BEGIN Material for this exercise
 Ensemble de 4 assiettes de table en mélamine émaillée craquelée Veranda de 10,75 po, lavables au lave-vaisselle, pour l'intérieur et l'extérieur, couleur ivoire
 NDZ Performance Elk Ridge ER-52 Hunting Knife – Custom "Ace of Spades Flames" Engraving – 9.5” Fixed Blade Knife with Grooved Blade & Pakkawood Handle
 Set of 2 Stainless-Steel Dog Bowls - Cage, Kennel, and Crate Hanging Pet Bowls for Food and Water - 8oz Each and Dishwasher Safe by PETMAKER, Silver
END Material for this exercise
BEGIN Material for this exercise
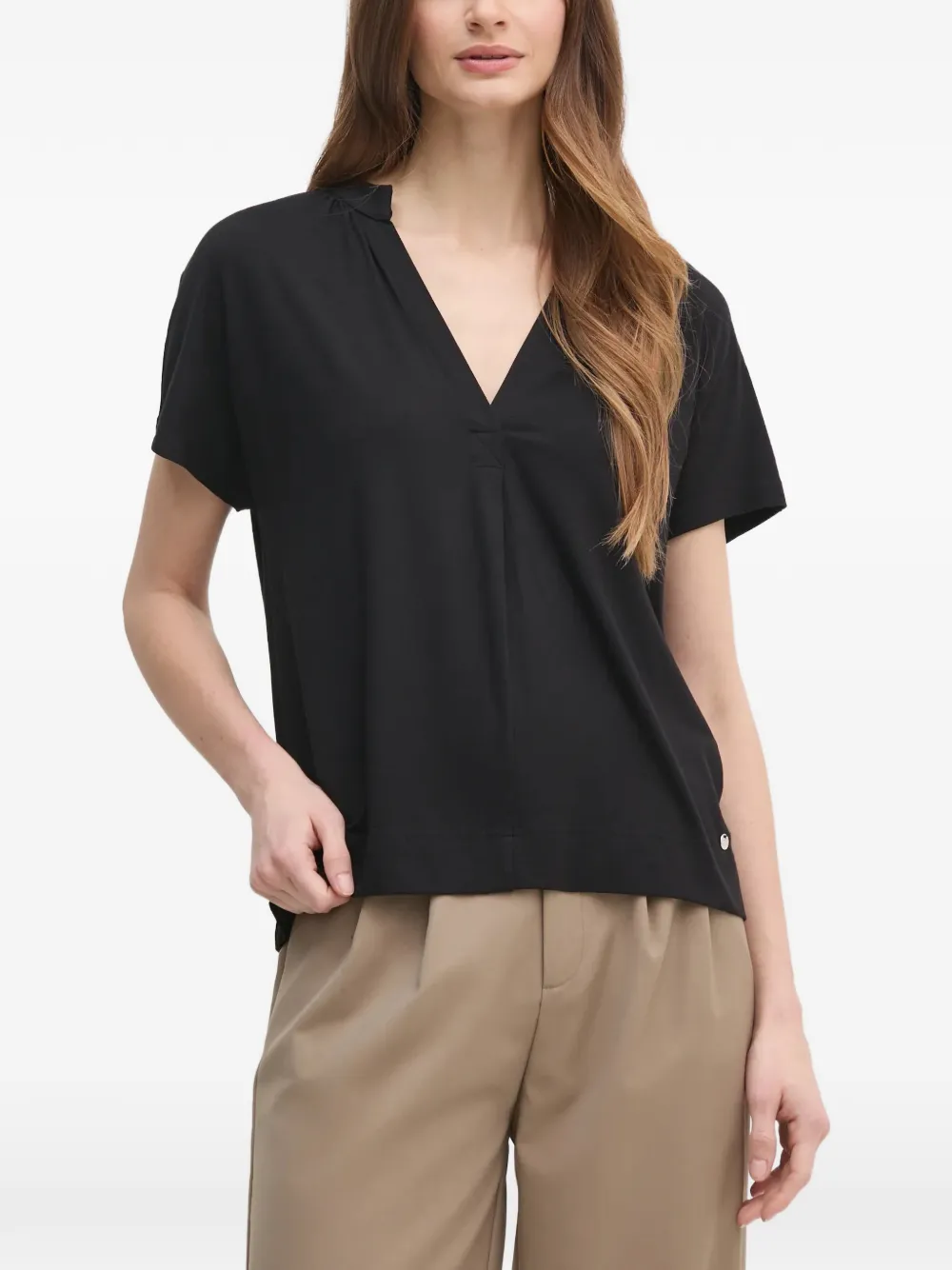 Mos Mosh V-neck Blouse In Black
END Material for this exercise
Instructions for the task:
The entries above hold a line with "NDZ Performance Elk" and a later line with "Set of 2 Stainless-Steel". Write out exactly those lines and all lines between, nothing more.

Exercise response:
 NDZ Performance Elk Ridge ER-52 Hunting Knife – Custom "Ace of Spades Flames" Engraving – 9.5” Fixed Blade Knife with Grooved Blade & Pakkawood Handle
 Set of 2 Stainless-Steel Dog Bowls - Cage, Kennel, and Crate Hanging Pet Bowls for Food and Water - 8oz Each and Dishwasher Safe by PETMAKER, Silver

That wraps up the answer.